## Your assignment
Each line of the data below between the one containing "vidaXL Cabecera Colgante" and the one containing "Anitya Hemp Backpack, Multi-Functional", both included, is to be repeated exactly. Please omit pictures.

## Input records

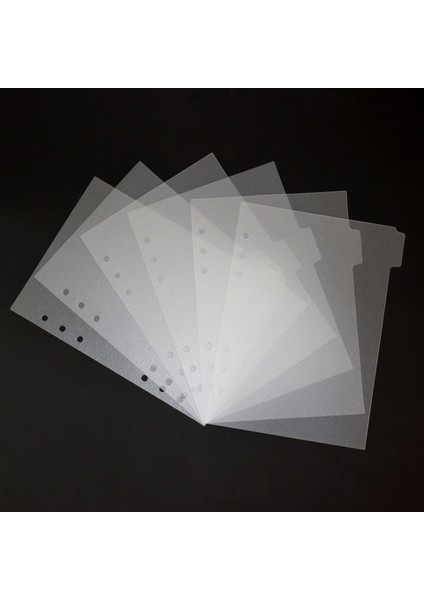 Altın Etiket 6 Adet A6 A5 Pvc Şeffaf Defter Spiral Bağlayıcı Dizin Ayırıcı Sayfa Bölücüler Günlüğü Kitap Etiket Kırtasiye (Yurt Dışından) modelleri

* * *

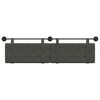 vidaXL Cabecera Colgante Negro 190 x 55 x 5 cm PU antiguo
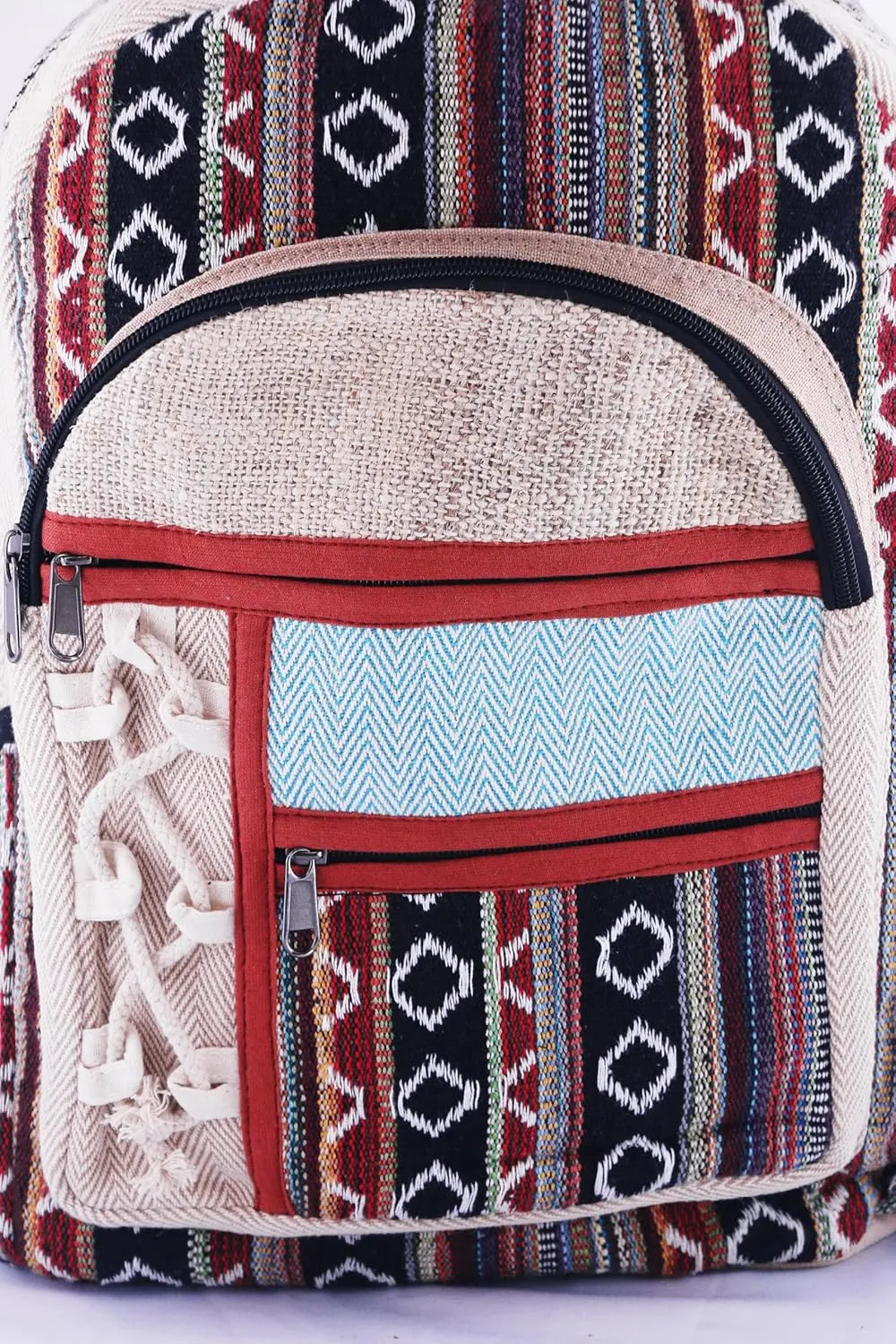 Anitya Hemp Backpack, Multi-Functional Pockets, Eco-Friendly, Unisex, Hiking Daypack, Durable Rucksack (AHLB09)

## Output of the task
 vidaXL Cabecera Colgante Negro 190 x 55 x 5 cm PU antiguo
 Anitya Hemp Backpack, Multi-Functional Pockets, Eco-Friendly, Unisex, Hiking Daypack, Durable Rucksack (AHLB09)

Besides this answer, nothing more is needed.